On December 19th, the Chicago section enjoyed a presentation on the application of microelectromechanical (MEMs) microphones to Hearing aids by Wade Conklin of Knowles Electronics. About 30 members and non-member guests were in attendance. Mr. Conklin holds a Master's Degree in Acoustics from Penn State University, and has been involved in electret and MEMs microphone development, modeling, and validation at Knowles for the past 6 years. Most recently he acted as the lead engineer for the first MEMs microphone used in a hearing aid and his current work focuses on developing more MEMs designs for hearing aid use.
Electret microphones have been the staple of the hearing aid industry since 1962 but still have issues with stability, manufacturing automation, matching for multi-microphone applications, and resistance to reflow temperatures.

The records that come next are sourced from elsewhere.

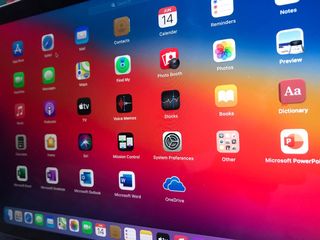 (Category: ) located in . Submitted by applebytes (Listing ID 1094547275, Image 1). Description: .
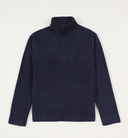 Comfy-Fit 1/4 Zipper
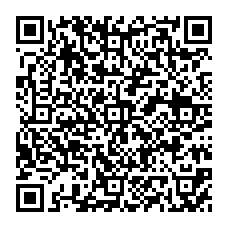 QR Code for bitcoin:bitcoin:bitcoin:bitcoin:bitcoin:bitcoin:bitcoin:bitcoin:bitcoin:bitcoin:bitcoin:bitcoin:bitcoin:bitcoin:1Mssq6ReYaaeAwACHgHxGmo6uj6pRSuMU2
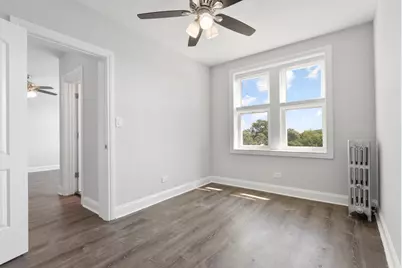 1521 W Sherwin Avenue #503, Chicago, IL 60626 - Photo 7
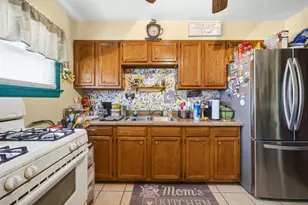 3529 Lincoln St, Gary, IN 46408 - Photo 5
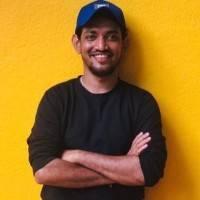 Hitesh Kattimani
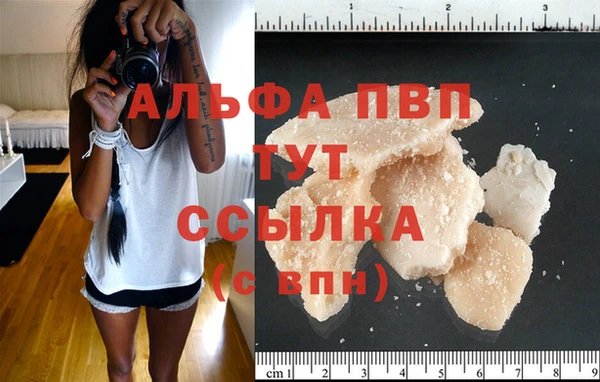 spice Волоколамск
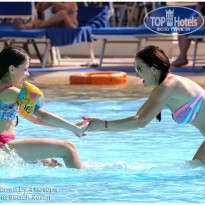 фото из отзыва ID 1886464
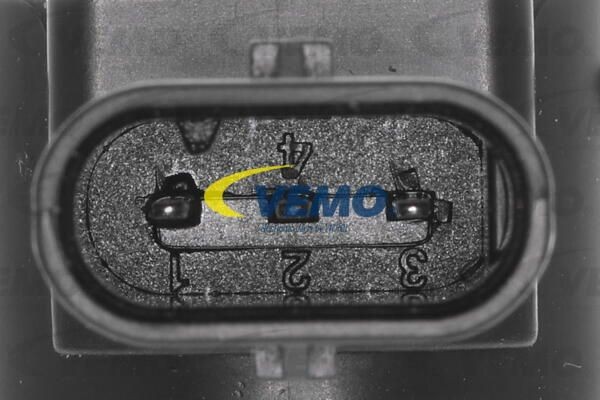 Лямбда-зонд V30-76-0011 VEMO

MEMs microphones have addressed these issues, but suffer from low sensitivity and high noise which has prevented their use in hearing aids. Knowles has developed multi-element MEMs microphones that significantly "narrow the gap" in sensitivity and noise performance compared to electret microphones.
Mr. Conklin reviewed condenser microphone theory of operation, described how it is implemented in both electret and MEMs configurations, and briefly described the manufacture of both. He then covered the "wish list" of microphone characteristics for hearing aid use, and how both types fare in this context.

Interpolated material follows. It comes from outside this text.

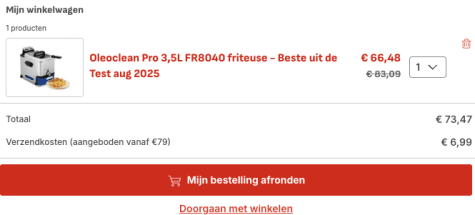 5W4oJOd8ujZEF5kwINE95CZJsqsplhxubJoydaG7.png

MEMs microphones are inherently more consistent within a single wafer and are much more stable with time and environmental conditions, all of which are critical for multi-microphone applications. MEMs microphones are also less expensive because their manufacture is highly automated, and they are more easily built into hearing aids because they can withstand reflow temperatures.
Currently available single —element MEMS microphones have lower sensitivity and higher noise than electret microphones, mainly because they cannot achieve as high of a bias voltage for the transducer. MEMs microphones must step up the 0.9 V hearing aid battery voltage to provide this bias, and there is a practical limit. Electret microphones do not rely on the battery voltage, but rather contain a layer of insulating material that can be electrostatically charged to a very high voltage. MEMs microphones also have complex "charge pump" circuits for the bias that presents challenges. And the MEMs microphones consume more power than electrets, resulting in shorter battery life.

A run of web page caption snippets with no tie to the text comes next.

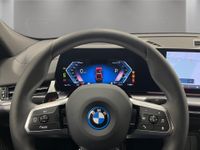 BMW iX2 - Vorschau Bild 10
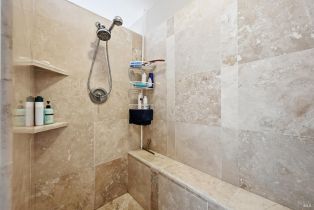 Single Family Residence,  Carr avenue, Santa Rosa, CA 95404 - 37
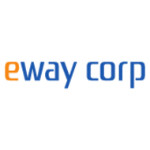 eway corp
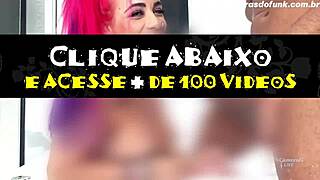 Live Tequileiras With Felipe Costa Screaming As Her Tight Ass Gets Fucked Hard!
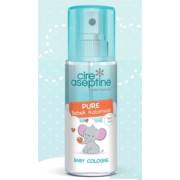 Cire Aseptine Bebek Kolonyası Pure 150 ml 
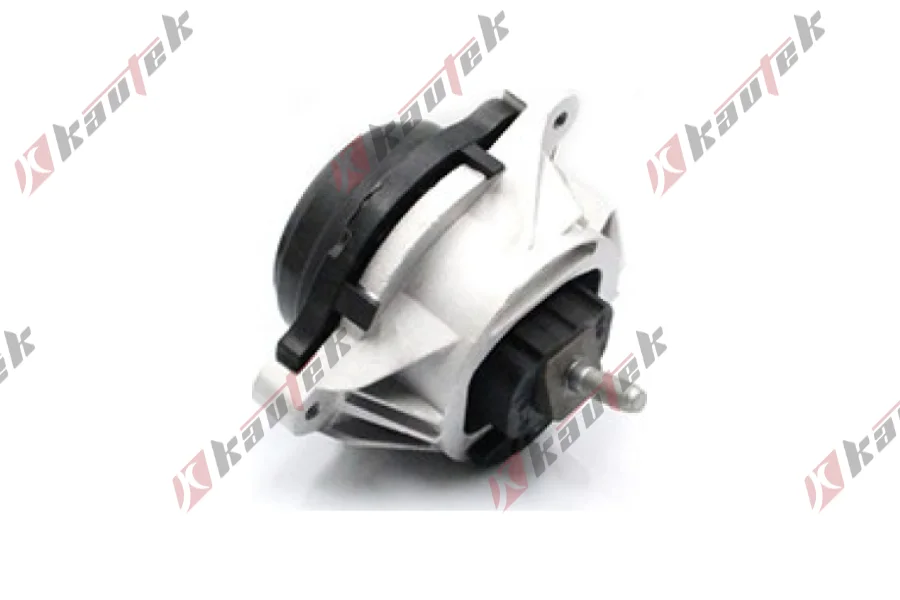 ОПОРА ДВИГАТЕЛЯ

But by using multiple, parallel MEMs elements in a single package, the sensitivity and noise performance is improved. Mr. Conklin described their four- element design that has a 6 dB signal-to-noise improvement over a single element MEMs microphone. And the power consumption issue has been addressed.
However, the "Quad" design still doesn't quite match the electrets for signal-to-noise performance, so the MEMs microphones have not penetratedthe hearing aid market... yet.